The next street over to the right of our house was Center Street where my best friend Beverly lived. There I honed my skills with hop scotch, jacks and pickup sticks. I can still remember the day we played Snow White in the field between our two houses. I lay down in the grass and pretended to be the beautiful sleeping princess. In a few moments I screamed and ran home because my legs were covered with biting ants. On rainy days we made clothes for our paper dolls from old wrapping paper while we listened to music on her record player.

Nearby lived Russell, the bad boy of the neighborhood, who climbed up on his father’s chicken coop and peed in a coffee can. In a friend’s large backyard we laid out a ball field with old towels for bases. Here I learned to pitch, but never was good at bat. The dirt roads were safe areas where I roamed on foot or by bicycle between mealtimes.

As I grew, Suffield Street became the passageway to new adventures. I walked with friends to the bus stop to go to elementary school. The water tower across the street was the site of sledding and seemed so tall from the perspective of a little child. Our cellar became an amateur theater where we put on musicals and plays. My mother supported our show business efforts by making popcorn for the audience. In fifth grade a boy walked me home and wrote our initials in the dirt. A corner store held the magic of penny candy and the embarrassment of having to buy sanitary products for my mother.  Our mailbox on the side of the road became a monthly treasure chest that held a children’s magazine just for me.

The farthest I ever walked alone on Suffield Street was the three mile trips north to Carpenali’s Farm Stand to buy a box of macaroni for my Aunt Rose and south, down the hill to catch a bus to Springfield. For the most part, Suffield Street provided happy memories, but there were some scary and unpleasant ones as well.

The lady next-door made our outdoor life obnoxious when she made soap several times a year. She placed all her old fat and drippings into a big kettle on a wood fire in the backyard. The stench of the boiling mixture of fat and lye was awful, and we held our noses if we had to go out. The process took all day and we used every excuse we could think of to avoid playing in the backyard on soap making day.

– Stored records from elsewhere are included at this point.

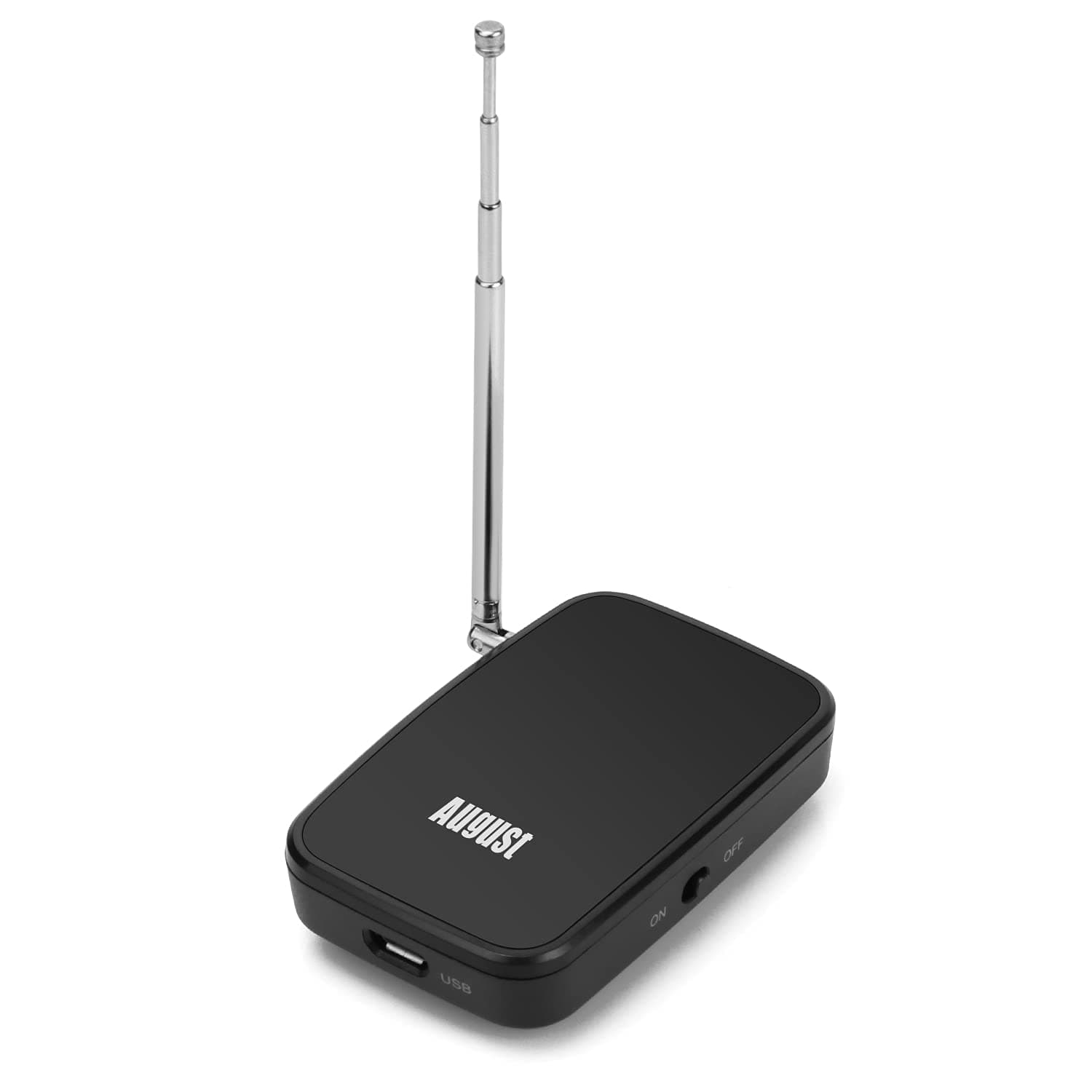 August DVB-T405 1080p Portable Freeview TV for iOS and Android - Watch and Record Live Freeview on Phones and Tablets/No Mobile Data or WiFi Required - Rechargeable Battery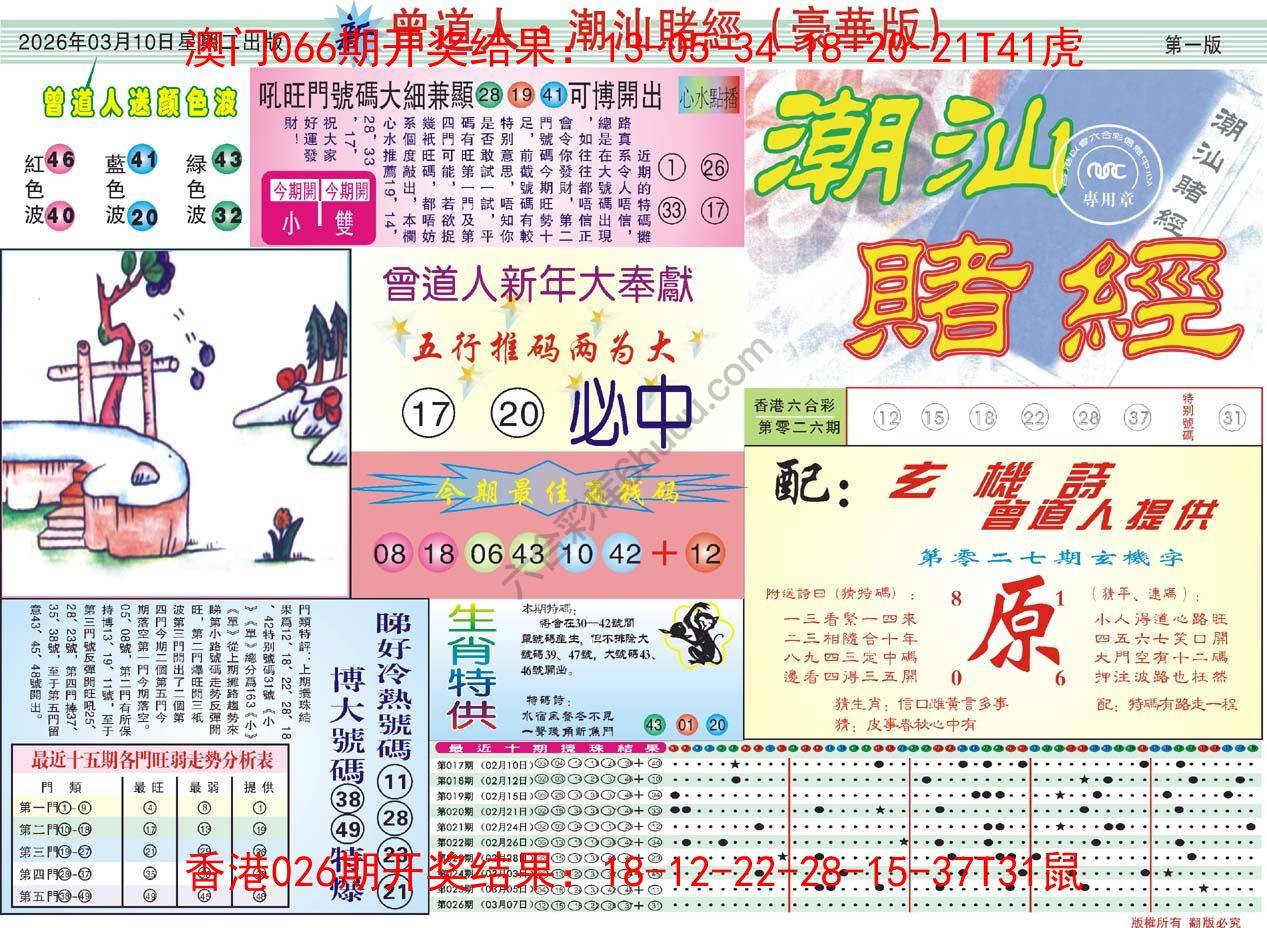 六合彩心水图库9|曾道人潮汕赌经(豪华版) 六合彩心水图库9|曾道人潮汕赌经(豪华版)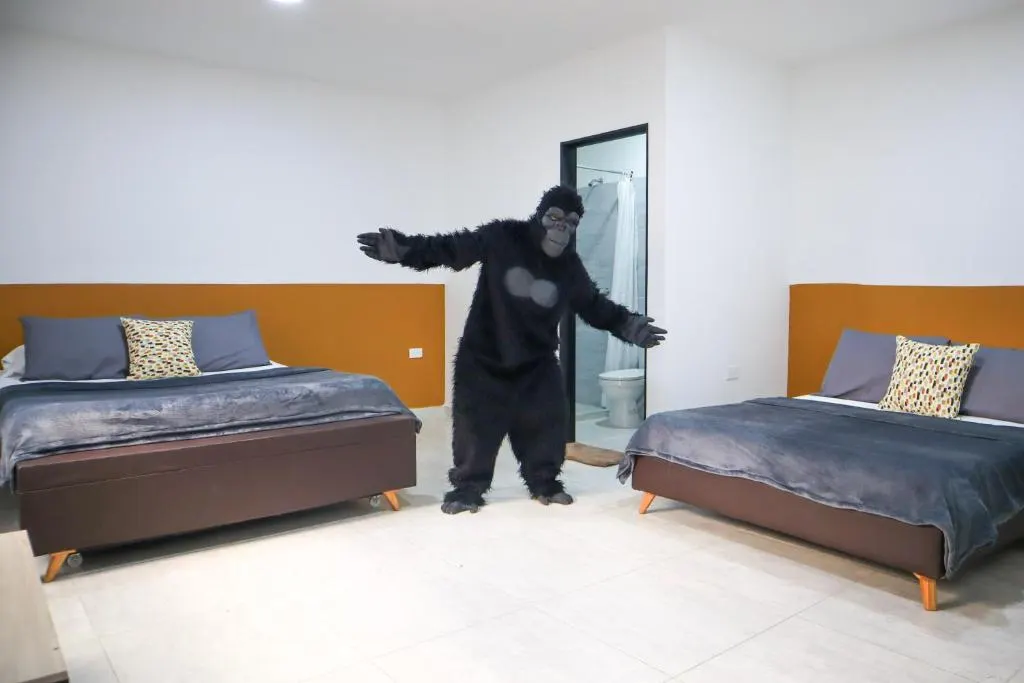 Habitación Familiar de Trip Monkey Origen con dos camas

All the homes on Suffield Street looked menacing during wartime when blackout curtains were drawn to block the light. The dirt road and surrounding area took on an ominous tone on Halloween night. Trick or treating without your parents was the rule of the day. Walking down some of the new side streets where my friends and I did not know the occupants gave us goose bumps beneath our home made costumes.  However, candy greed overcame our misgivings and we continued on.

I had several terrifying experiences on Suffield Street.  As a child I watched in horror as my friend’s house burned. I can still recall the fierceness and heat of the flames, the sound of falling walls, the wails of the family, and the shouts of the volunteer fireman as they attempted without success to save the house. My own backyard was a frightful scene as I encountered a huge black snake in the chicken yard. Reacting to my screams, my mother ran out of the house, grabbed a hoe and killed it as I watched in terror and admiration.

Years later there was another alarming incident. I was a teenage girl in a beautiful yellow dress walking up Suffield Street hill after a school dance. I was upset because I had once again been a wallflower.  My thoughts were on the party until a car slowed on the crest of the hill beside me and a leering man asked if I wanted a ride. I shouted at him to leave me alone as the tears flowed down my cheeks. He peeled off, much to my relief.

As I look back at these childhood scenes, they appear as a small gallery of life in a rural area. They began on a country road. Just as its surface was widened and blacktopped, so my world grew from the dirt roads of childhood to the challenging byways of adult experiences which took me away from Suffield Street to the faraway lanes of the world.